Supplied material: Begin

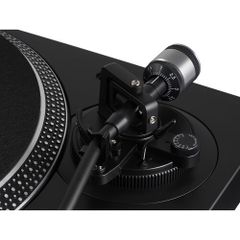 Mâm Đĩa Than Audio-Technica AT-LP120XBT-USB Chính Hãng - Thumb 3
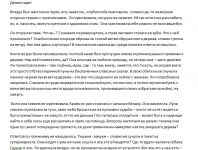 img2275966.png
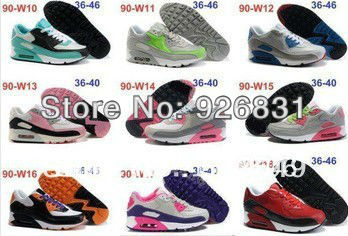best running shoes men 2013
 on Free Shipping,2013 new arrive,men/women running shoes,Hot selling,Top ...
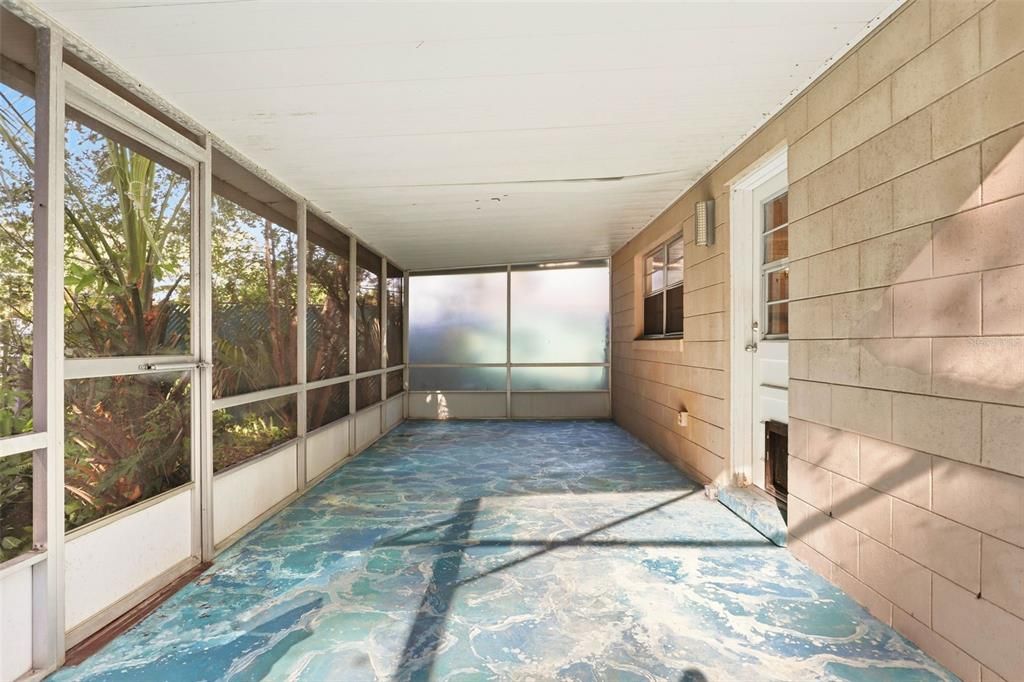 待售: $599,000 (3 贝兹, 2 浴室, 1509 平方英尺)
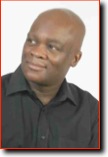 eddie_nestor_uk_black_comedians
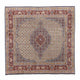 Tapis de Mood Tapis 200x191cm - Tapis persan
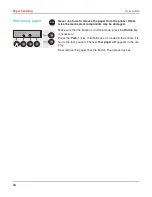 Preview for 57 page of Printek FP5000 series User Manual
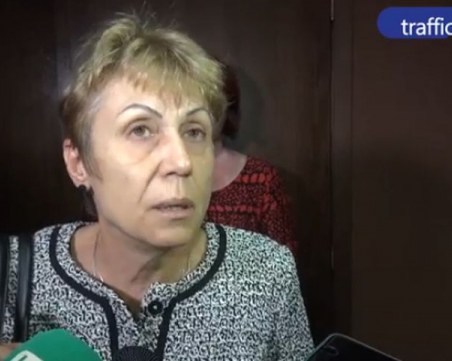 Инфаркт покоси  известен адвокат, работил по знакови дела в София и Пловдив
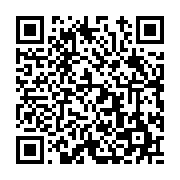 고시/공고 페이지 바로가기 주소(https://www.jangseong.go.kr/q/ezIyOHwxNzgxNnxzaG93fHBhZ2U9ODA2fQ==&e=M&s=3), QRCODE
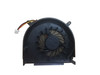 Laptop CPU FAN For Medion For Akoya P8614 MD97948 MD98470 MD98310 MD97461 MD97697 MD97459 340826400003 40032781 9270-FAN AB7105HX-L039270 DC5V 0.40A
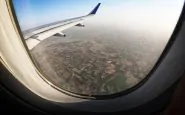 finestrino-aereo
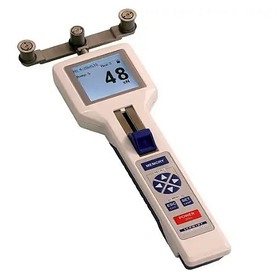 M1DTM-SB500I_1.jpg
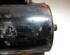 Starter AUDI A4 B7 Convertible (8HE)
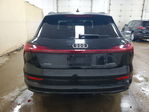 Audi e-tron 2022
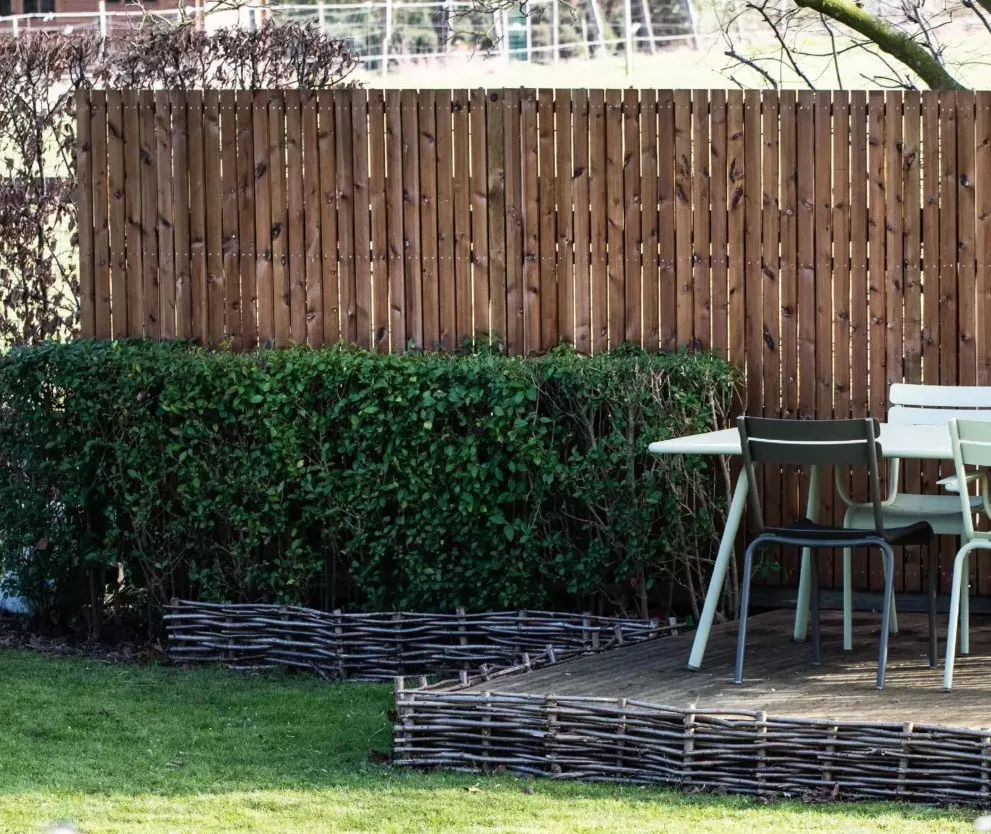 Kontinu.jpg Kontinu.jpg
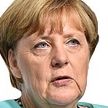 Меркель: Россия не использовала газ и «Северный поток-2» как оружие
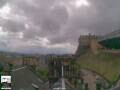 Webcam Edimburgo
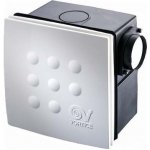 Vortice Quadro Micro 100 I T – Zbozi.Blesk.cz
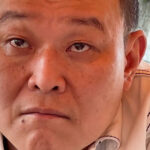 【そこは？】千原せいじの「ある衝撃」に腫れ物扱いされることに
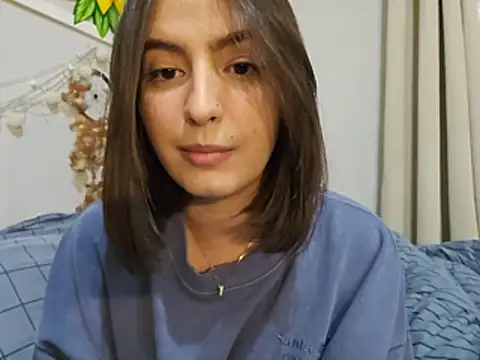 Juh castro online show from 15, 7, 2026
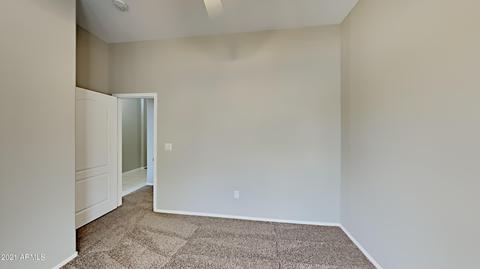7650 E Regina St, Mesa, AZ 85207 photo 9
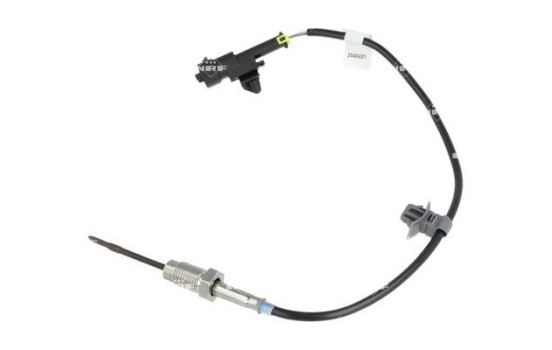 Sensor de temperatura de gases de escape FÃ?CIL INSTALACIÃN, Imagen 3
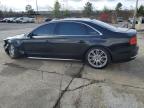 2012 Audi A8 L Quattro for Sale in Gaston, SC - Front End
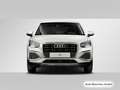 Audi Q2 35 TDI S tronic advanced AHK/Virtual+ Silber - thumbnail 5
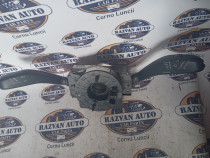 Spira volan + manete Skoda Fabia 2 2011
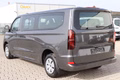 Daumennagel 7 - Volkswagen T7 Kombi 5-Sitzer Lang LED APP-CON KAM SHZ N1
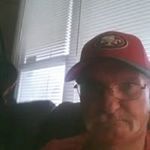 John Stolarz - @john.stolarz - Instagram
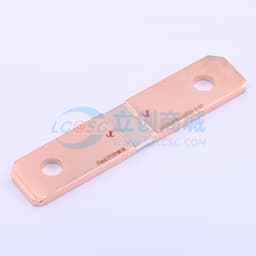 0.1mΩ ±5% 36W缩略图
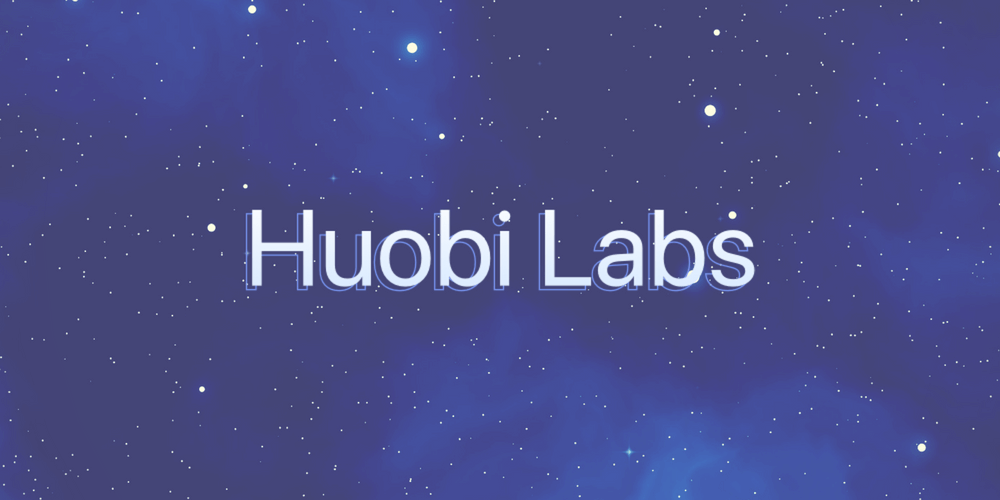 Huobi Labs Announces a $1 billion fund for Blockchain companies - CoinJournal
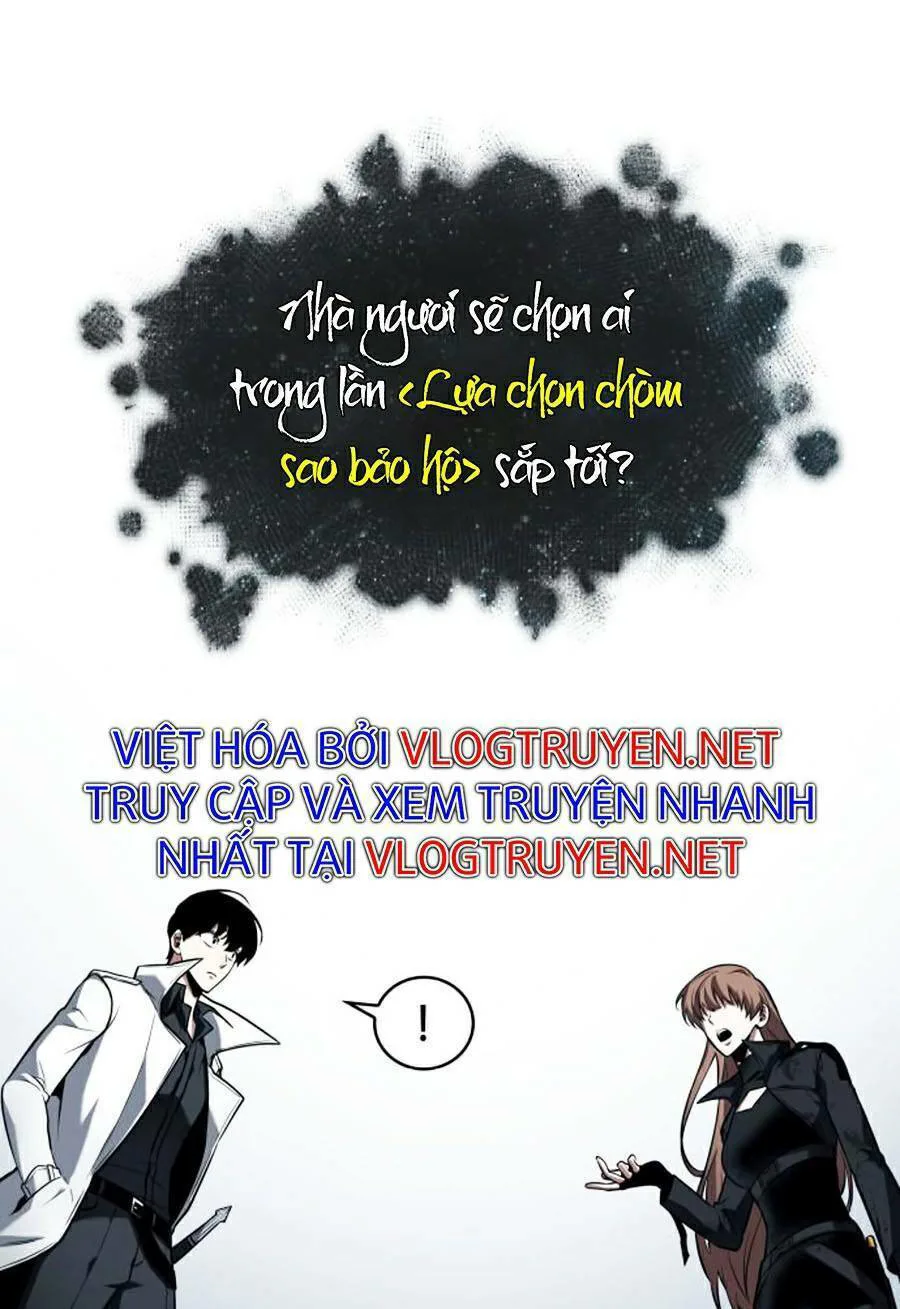 Toàn Trí Độc Giả chương 88 - trang 65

Supplied material: End

Task goal: Omitting all images, retype each line of the records precisely.

Response box:
 Mâm Đĩa Than Audio-Technica AT-LP120XBT-USB Chính Hãng - Thumb 3
 img2275966.png
best running shoes men 2013
 on Free Shipping,2013 new arrive,men/women running shoes,Hot selling,Top ...
 待售: $599,000 (3 贝兹, 2 浴室, 1509 平方英尺)
 eddie_nestor_uk_black_comedians
 Tapis de Mood Tapis 200x191cm - Tapis persan
 Preview for 57 page of Printek FP5000 series User Manual
 Инфаркт покоси  известен адвокат, работил по знакови дела в София и Пловдив
 고시/공고 페이지 바로가기 주소(https://www.jangseong.go.kr/q/ezIyOHwxNzgxNnxzaG93fHBhZ2U9ODA2fQ==&e=M&s=3), QRCODE
 Laptop CPU FAN For Medion For Akoya P8614 MD97948 MD98470 MD98310 MD97461 MD97697 MD97459 340826400003 40032781 9270-FAN AB7105HX-L039270 DC5V 0.40A
 finestrino-aereo
 M1DTM-SB500I_1.jpg
 Starter AUDI A4 B7 Convertible (8HE)
 Audi e-tron 2022
 Kontinu.jpg Kontinu.jpg
 Меркель: Россия не использовала газ и «Северный поток-2» как оружие
 Webcam Edimburgo
 Vortice Quadro Micro 100 I T – Zbozi.Blesk.cz
 【そこは？】千原せいじの「ある衝撃」に腫れ物扱いされることに
 Juh castro online show from 15, 7, 2026
7650 E Regina St, Mesa, AZ 85207 photo 9
 Sensor de temperatura de gases de escape FÃ?CIL INSTALACIÃN, Imagen 3
 2012 Audi A8 L Quattro for Sale in Gaston, SC - Front End
 Audi Q2 35 TDI S tronic advanced AHK/Virtual+ Silber - thumbnail 5
 Spira volan + manete Skoda Fabia 2 2011
 Daumennagel 7 - Volkswagen T7 Kombi 5-Sitzer Lang LED APP-CON KAM SHZ N1
 John Stolarz - @john.stolarz - Instagram
 0.1mΩ ±5% 36W缩略图
 Huobi Labs Announces a $1 billion fund for Blockchain companies - CoinJournal
 Toàn Trí Độc Giả chương 88 - trang 65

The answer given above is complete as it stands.